Inside the Emergencies Ministry press office. We are filming a report on the activities of the Kamchik specialist search and rescue unit.
As things were, I was happy. It felt as though all my dreams were starting to come true, and I was headed for a meteoric rise.
My meteoric rise continued for nine years. Nine years of working myself to exhaustion, with no weekends or holidays, under the guidance of an unforgiving perfectionist for whom every tiny detail mattered. Either you do it flawlessly or you're worthless. During this time, I also recognised another trait I had possessed throughout my life: the ability to quickly and irreversibly make enemies.
After a year, I was completely at ease in the Emergencies Ministry information service. I was constantly coming up new ideas that Parpiyev liked, but, most importantly, I knew how to implement them. I couldn't stand it when people would interfere with my work, and I was speaking with deputy ministers like equals. Within the space of a year, I was already thinking of myself as a real specialist hired to do something at which he was properly competent. But for some reason, the management's entourage always wanted to interfere in my business specifically, despite my never interfering in anyone else's. That really got on my nerves. It's like asking the cook to make you pilaf and then distracting him with comments about how he hasn't put enough rice in the pan, or too much oil; interfering in the process, basically. Wait until the dish is ready and then criticise it if you don't like it. But everybody wanted to stick their oar in my process. That was something I had no patience for, which is why everyone said Komil Allamjonov is too petulant and impossible to manage. I could understand if I was stupid and unreliable, but I did my job and a damn good one at that! Still, everybody wanted to know the reason for the excessively «arrogant» way in which I comported myself.
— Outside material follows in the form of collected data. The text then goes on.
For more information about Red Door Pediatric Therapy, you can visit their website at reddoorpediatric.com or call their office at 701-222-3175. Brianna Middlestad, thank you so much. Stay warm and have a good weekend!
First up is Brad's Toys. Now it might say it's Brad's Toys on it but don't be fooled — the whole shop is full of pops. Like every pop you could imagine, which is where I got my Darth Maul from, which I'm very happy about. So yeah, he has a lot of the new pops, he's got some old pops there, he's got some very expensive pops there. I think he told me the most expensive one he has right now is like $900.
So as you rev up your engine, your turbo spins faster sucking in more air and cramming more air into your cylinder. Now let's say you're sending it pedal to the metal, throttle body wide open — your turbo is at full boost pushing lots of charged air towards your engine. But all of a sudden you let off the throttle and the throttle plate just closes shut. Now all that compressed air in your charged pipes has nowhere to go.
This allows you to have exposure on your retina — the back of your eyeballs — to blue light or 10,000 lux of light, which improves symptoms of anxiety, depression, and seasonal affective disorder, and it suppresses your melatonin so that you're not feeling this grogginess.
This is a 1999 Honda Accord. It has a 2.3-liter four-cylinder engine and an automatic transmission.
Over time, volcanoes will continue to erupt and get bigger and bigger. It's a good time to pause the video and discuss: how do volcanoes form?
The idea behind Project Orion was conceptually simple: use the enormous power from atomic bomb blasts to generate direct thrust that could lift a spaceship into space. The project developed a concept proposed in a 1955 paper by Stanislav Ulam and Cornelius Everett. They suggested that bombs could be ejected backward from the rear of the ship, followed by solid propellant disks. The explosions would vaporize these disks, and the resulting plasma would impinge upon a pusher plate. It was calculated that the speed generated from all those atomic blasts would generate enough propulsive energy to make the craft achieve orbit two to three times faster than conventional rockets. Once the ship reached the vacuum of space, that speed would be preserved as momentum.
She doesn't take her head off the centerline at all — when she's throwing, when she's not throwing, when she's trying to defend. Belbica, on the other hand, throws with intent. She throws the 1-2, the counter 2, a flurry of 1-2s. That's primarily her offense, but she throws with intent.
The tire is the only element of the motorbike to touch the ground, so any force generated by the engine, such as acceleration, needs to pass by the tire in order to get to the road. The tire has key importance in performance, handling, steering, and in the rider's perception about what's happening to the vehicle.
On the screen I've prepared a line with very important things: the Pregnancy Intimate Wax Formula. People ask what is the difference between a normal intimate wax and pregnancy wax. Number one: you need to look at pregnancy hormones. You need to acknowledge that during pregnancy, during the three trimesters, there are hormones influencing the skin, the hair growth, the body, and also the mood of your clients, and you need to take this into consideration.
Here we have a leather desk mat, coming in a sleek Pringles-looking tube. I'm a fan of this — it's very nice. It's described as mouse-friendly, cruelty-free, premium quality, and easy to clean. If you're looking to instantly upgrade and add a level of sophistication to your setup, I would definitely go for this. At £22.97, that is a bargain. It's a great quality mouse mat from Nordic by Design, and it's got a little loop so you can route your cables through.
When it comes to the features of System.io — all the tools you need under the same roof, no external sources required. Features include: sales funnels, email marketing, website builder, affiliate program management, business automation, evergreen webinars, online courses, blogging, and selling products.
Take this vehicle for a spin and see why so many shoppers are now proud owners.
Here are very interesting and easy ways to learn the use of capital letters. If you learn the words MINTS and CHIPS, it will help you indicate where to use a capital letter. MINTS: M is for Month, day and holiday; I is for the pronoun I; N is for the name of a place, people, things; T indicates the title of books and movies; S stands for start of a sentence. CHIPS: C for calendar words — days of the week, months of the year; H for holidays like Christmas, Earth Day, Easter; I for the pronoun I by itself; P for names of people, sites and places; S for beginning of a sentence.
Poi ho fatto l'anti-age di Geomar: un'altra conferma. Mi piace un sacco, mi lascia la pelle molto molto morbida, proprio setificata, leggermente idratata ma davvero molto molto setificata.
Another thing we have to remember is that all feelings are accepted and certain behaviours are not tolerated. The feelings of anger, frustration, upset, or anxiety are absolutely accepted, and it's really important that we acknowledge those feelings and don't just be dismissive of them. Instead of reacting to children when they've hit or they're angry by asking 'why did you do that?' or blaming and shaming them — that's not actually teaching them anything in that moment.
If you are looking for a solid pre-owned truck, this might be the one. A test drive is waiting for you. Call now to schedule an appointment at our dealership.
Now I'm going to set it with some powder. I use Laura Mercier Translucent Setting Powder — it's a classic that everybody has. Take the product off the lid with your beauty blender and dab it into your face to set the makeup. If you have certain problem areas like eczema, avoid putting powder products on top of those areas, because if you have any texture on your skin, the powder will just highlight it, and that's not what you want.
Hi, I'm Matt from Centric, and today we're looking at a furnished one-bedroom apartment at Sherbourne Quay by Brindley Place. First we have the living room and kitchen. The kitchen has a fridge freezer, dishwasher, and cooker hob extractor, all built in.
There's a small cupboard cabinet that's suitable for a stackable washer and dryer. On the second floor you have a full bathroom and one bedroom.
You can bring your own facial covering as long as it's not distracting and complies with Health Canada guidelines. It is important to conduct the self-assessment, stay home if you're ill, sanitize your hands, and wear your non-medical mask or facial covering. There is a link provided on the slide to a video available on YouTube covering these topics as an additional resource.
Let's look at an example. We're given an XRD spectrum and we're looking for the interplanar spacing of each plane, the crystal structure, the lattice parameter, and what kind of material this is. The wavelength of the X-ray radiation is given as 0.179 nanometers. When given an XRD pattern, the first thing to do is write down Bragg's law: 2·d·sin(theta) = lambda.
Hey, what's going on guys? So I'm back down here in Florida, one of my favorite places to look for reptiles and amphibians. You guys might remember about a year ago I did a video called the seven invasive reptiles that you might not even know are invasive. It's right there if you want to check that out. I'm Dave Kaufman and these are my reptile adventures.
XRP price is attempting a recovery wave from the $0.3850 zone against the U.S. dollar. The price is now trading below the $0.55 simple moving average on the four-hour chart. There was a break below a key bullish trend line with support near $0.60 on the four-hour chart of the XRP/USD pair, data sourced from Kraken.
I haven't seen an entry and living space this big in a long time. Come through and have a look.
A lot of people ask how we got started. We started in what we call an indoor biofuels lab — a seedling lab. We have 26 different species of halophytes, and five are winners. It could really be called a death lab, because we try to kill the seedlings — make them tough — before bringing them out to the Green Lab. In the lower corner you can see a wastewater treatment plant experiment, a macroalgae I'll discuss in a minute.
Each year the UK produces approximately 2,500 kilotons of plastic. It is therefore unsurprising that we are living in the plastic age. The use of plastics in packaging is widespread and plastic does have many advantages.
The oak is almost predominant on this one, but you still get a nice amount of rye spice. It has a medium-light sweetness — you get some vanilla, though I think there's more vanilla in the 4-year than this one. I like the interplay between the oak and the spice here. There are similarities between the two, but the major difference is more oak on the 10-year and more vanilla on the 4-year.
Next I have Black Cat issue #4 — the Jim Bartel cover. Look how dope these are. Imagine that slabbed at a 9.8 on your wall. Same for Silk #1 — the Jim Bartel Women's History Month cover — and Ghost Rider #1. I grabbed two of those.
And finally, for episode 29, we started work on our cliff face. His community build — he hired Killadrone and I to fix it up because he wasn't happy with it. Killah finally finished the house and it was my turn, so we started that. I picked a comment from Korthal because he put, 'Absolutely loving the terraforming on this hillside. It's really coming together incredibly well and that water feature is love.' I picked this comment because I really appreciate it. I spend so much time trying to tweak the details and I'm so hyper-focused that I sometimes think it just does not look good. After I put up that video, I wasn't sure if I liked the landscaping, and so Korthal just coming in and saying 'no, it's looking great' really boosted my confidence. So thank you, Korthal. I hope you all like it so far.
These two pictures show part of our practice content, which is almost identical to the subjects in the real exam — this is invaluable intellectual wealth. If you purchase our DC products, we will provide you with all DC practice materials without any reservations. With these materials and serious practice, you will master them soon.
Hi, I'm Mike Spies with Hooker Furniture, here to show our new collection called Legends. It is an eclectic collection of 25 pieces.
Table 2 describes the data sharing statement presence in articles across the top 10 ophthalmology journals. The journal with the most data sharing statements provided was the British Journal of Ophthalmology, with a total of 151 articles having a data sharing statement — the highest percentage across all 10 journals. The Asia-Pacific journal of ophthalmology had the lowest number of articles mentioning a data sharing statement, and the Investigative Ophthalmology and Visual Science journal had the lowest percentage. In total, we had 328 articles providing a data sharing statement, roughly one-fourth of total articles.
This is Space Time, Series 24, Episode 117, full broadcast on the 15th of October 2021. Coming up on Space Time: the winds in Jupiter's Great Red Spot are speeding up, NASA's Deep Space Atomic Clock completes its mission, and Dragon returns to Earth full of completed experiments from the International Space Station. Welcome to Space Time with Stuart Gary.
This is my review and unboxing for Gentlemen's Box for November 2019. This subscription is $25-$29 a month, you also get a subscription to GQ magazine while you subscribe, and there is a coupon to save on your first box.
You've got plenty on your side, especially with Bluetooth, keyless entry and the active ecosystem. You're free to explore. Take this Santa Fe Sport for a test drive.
Nobody could understand why Parpiyev, a man who even government officials were wary around, who never let anyone into his circle of friends, and who was extremely insular and not particularly amiable, used to treat me almost like a son. He brought me into the Emergencies Ministry, then the Customs Committee, then the Tax Service. Why did he trust me so much? We were clearly related. That's how the rumour came about that I was the general's nephew, which explained why he was helping me climb the career ladder. The evidence was «ironclad»: Parpiyev was from Andijan, his father from Margilan and my grandfather from Fergana, so it was as clear as day that he must be my uncle. In the Fergana Valley, everybody is related to one another. Case closed.
The general truly was a hard-faced man, no fan of lies or trickery, and quite unforgiving of mistakes. I wasn't permitted to make even the smallest error. He never talked to me about his personal life or free time. With him, it was all work, all the time, and he expected the same of everyone else. I was a worker. I could never let him down. I couldn't say «I can't, I won't be able to, it won't be feasible» or that I'm tired and want to go home to mummy. I listened to his instructions and carried them out. I never dragged my feet or procrastinated. It was my job performance, my perfect track record of delivering results that he liked, and that's why he took me with him from one government department to the next. Botir Rahmatovich knows the value of true professionals. He only learned about my being his «nephew» many years later, from an article in Uzmetronom10.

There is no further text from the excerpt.